平和で公正な社会への願いあらわす
暑いインドでの熱い集会(世界社会フォーラム)
1月17日から5日間,「もうひとつの世界は可能だ」を合言葉に,インドのムンバイで「第4回世界社会フォーラム」が持たれました.
私は日本AALA代表団の一員としてこの会議に参加しました.
不景気な巨大都市ムンバイ
会場となったムンバイ(旧称ボンベイ)はインド西部,アラビア海に面した港町です.人口1800万,世界一の人口を誇るこの町は,日本では「踊るマハラジャ」などインド映画のふるさととして知られています.映画会社が密集する一角はハリウッドをもじってボリウッドと呼ばれています.
あなたは世界の十大都市を言えますか? いろいろな統計のとり方はありますが,ムンバイ・ブエノスアイレス・カラチ・マニラ・デリー・サンパウロ・ソウル・イスタンブール・上海・ダッカというのが現在のランクです.とても「ベスト」10とは言えません.ちなみに東京は15位.ニューヨーク17位,ロンドンが20位となっています.

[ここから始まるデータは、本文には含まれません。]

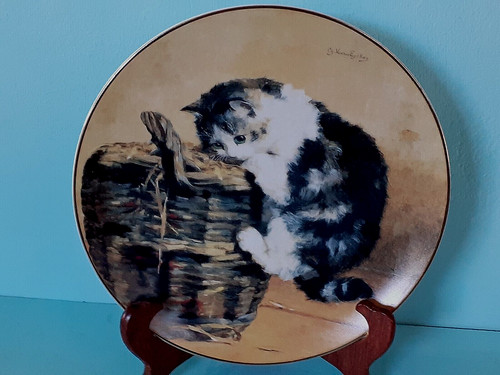 Curious kitty victorian cat - victorian,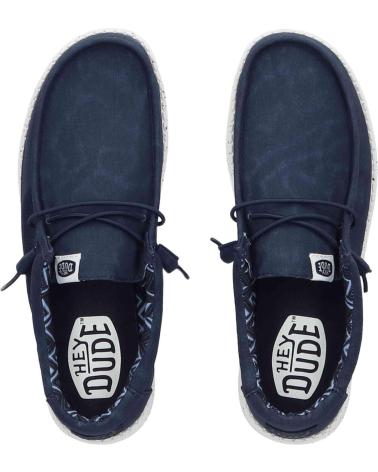 Sapato de vela de Homem HEY DUDE MOCASINES WALLY CANVAS PARA HOMBRE EN COLOR AZUL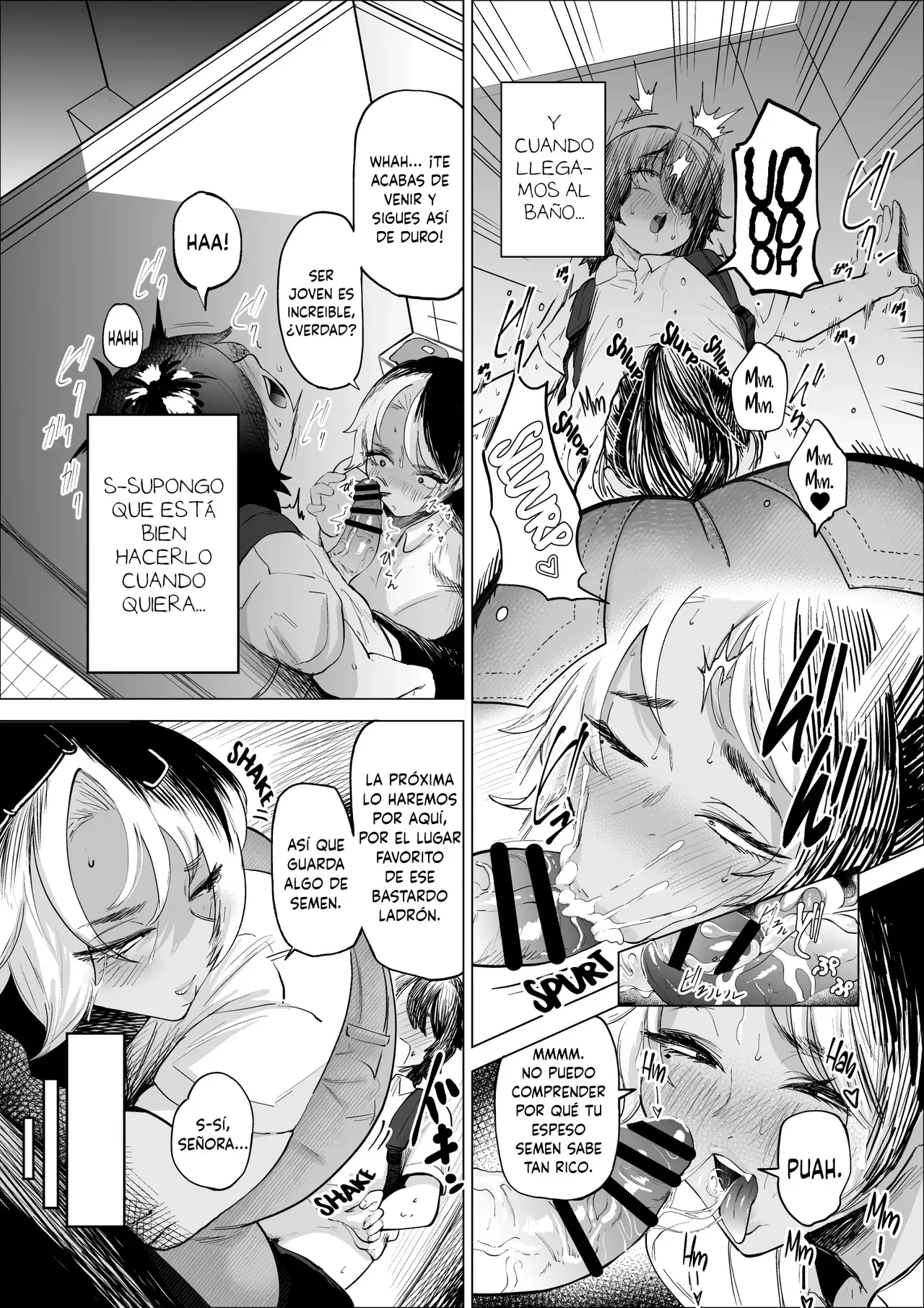 Manbiki Shounen to Part no Hitozuma 1-3 | El niño ladron y la empleada casada 1-3 page 6 full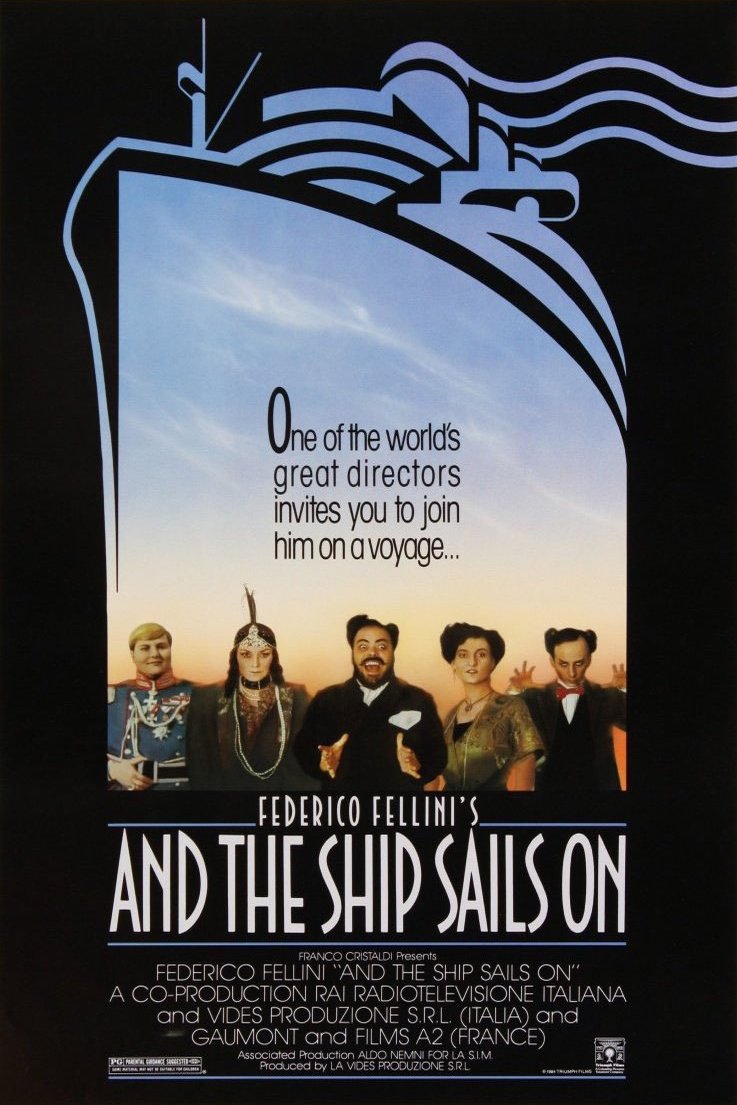Poster of the movie And the Ship Sails On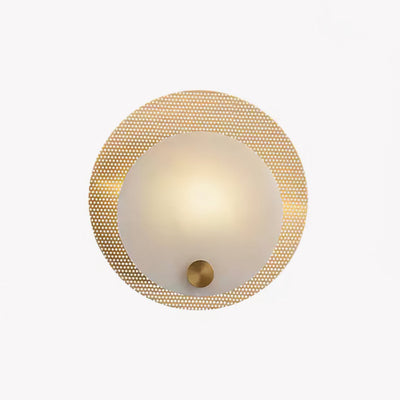 Ilzore Circular Glass Ceiling Light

一月は乾期とのことで,日中は30度になりますが,直射日光さえ防げばそれほど暑くはなく,朝方などけっこう涼しさを感じます.デリーでは,夏は50度近い熱波が襲いますが,冬は0度近くに下がります.人々は熱波で死に,寒波で死にます.それから見れば,ムンバイは天国のようです.
気候の穏やかさとは裏腹に,家賃は東京並ということで住宅難と交通難は極めて深刻です.貧富の差が極端で,ホテルを取り囲むように広がる広大なスラム街には衝撃を受けました.町を走るタクシーは国産車なのか,みな同じ色かたちの小型車です.小型といっても日本で言えば軽自動車で,冷房もありません.排気ガスが車に入り込んできて,30分も乗っていると頭が痛くなります.さらに郊外ではオートバイの後ろに座席のついたリクショーという三輪車が主体となります.この車は中心街への乗り入れは禁止されているようです.

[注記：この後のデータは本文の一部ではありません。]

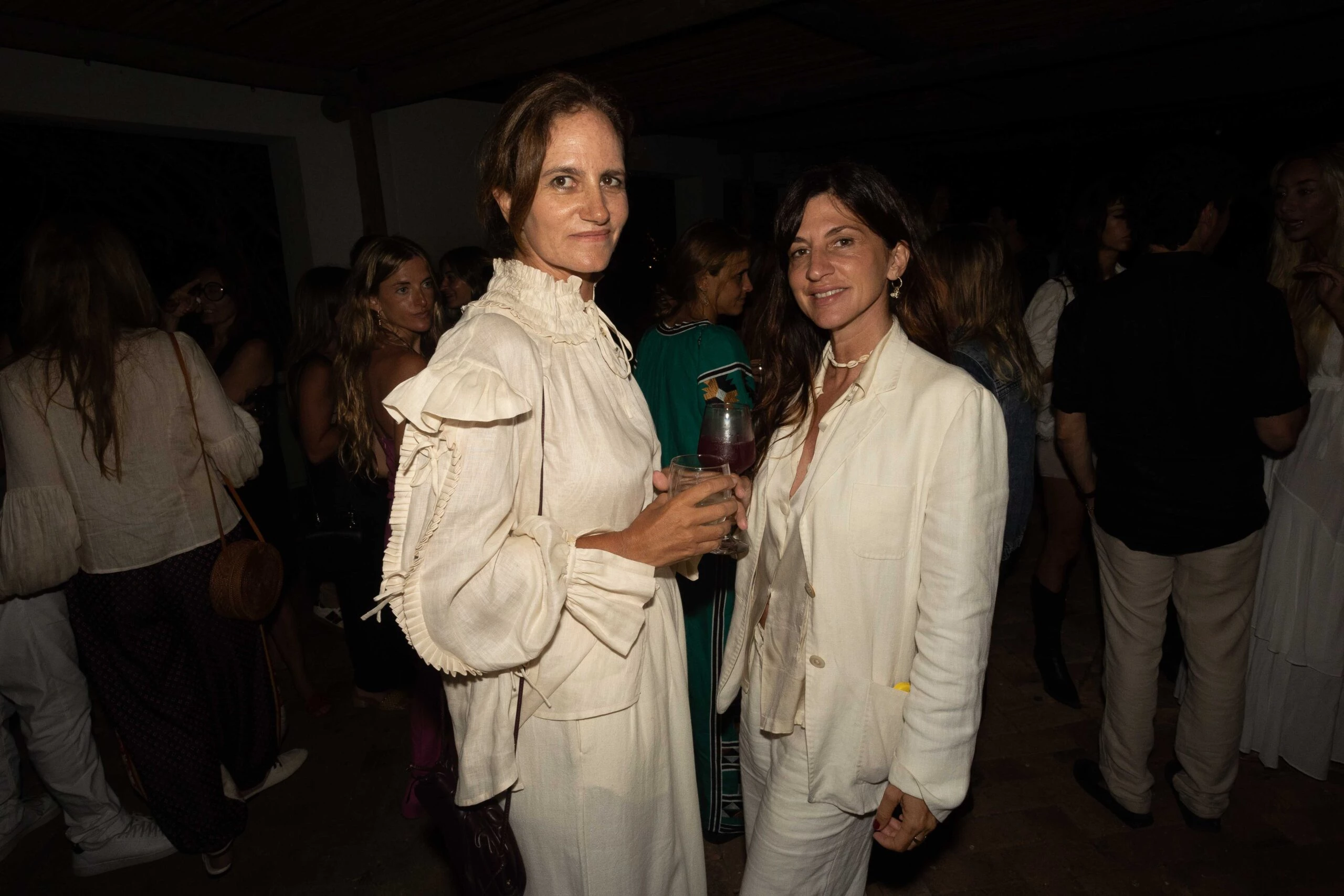 Cecilia Sartorius y Dolores Alzaga celebrando los 25 años de Paula Martini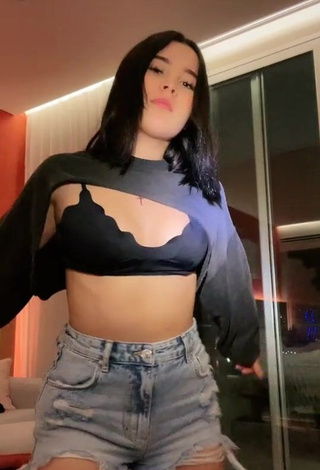 3. Amazing Michel Chavez in Hot Black Crop Top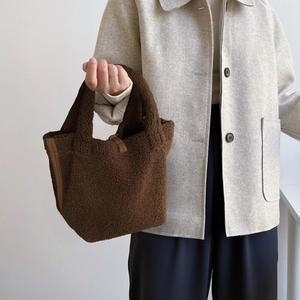 켄레오 뽀글이 여성 양털 스웨이드 트트백 윈터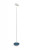 Royyo Floor Lamp, LED, Matte White, Azure Felt Base, 45.5"H (RYO-SW-MWT-AZF-FLR 407UEMT)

韓国製も走っていますが,日本の車はほとんど見られません.たまに見かけたカローラが高級車のように見えました.コロニアルスタイルのきれいな建物が並んでいる高級住宅街も,建物の手入れが悪いせいか古く薄汚れています.
ようするに不景気です.80年代から市場開放が進み,国内市場が海外資本に圧倒され,地元産業が次々に倒産しました.農産物の自由化で海外産品に対抗できない農村は貧困化していきました.

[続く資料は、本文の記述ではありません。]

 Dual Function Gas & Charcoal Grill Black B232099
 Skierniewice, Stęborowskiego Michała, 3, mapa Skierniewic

ムンバイの主要産業であった繊維工業も、郊外の安い労働力をもとめて出て行きました.これに代わって大量に流入してきたのが没落した農民です.だからムンバイの貧困化とスラム化は「遅れたインド」ではなく,「進んだインド=グローバリゼーション」の象徴なのです.
フォーラムの開かれたゴレガオン地区は,ムンバイ市街中心部から20キロほど北方,かつては繊維工場が軒を連ねる工業地帯だったところです.会場そのものも工場跡で,それ自体がボンベイにおける産業空洞化の生き証人となっています.
会場は,ムンバイ市街と北方を結ぶ高速道路に面しています.その高速道路の中央分離帯には,大量のホームレスが生活しています.木切れとビニールの掘建て小屋のそばで母親が何やら煮炊きしています.子供たちはみな裸で,埃とアカに覆われています.
道路下に住んでいるからといって,物乞いではありません.物乞いは一種の特権階層です.そこには縄張りもあり権利金も必要で,誰でもできるというわけではないそうです.
あるルポルタージュによると,彼らはインド南部の農村からやってきました.乾期のあいだボンベイで仕事を見つけるためです.男も女も子供も年寄りも,みんな建築現場で働きます.一日働いて100ルピー足らず(約250円)だそうです.
もう少しましな人々は,ボンベイの至る所に存在するスラムで生活しています.彼らの多くはインド各地からの長期出稼ぎ者です.月に3千ルピー(約7500円)ほど稼いで,そのうちの二千ルピーを生活費にあて,残りは故郷に送金するそうです.
どんな集会だったのか?
今回のムンバイ・フォーラムの特徴を一言で言うなら,それはさまざまな意味での出会いの場であります.これまでどちらかといえば遅れ馳せに,控えめについてきたアジアの民衆運動が,他の世界と正面から向かい合った場でした.世界の支配勢力の中心部に向かって切りこんでいく闘いと,現場での多彩かつ地道な実践の積み上げとの出会いでした.グローバリズム反対運動と反戦・平和運動との,初めての本格的な出会いでもありました.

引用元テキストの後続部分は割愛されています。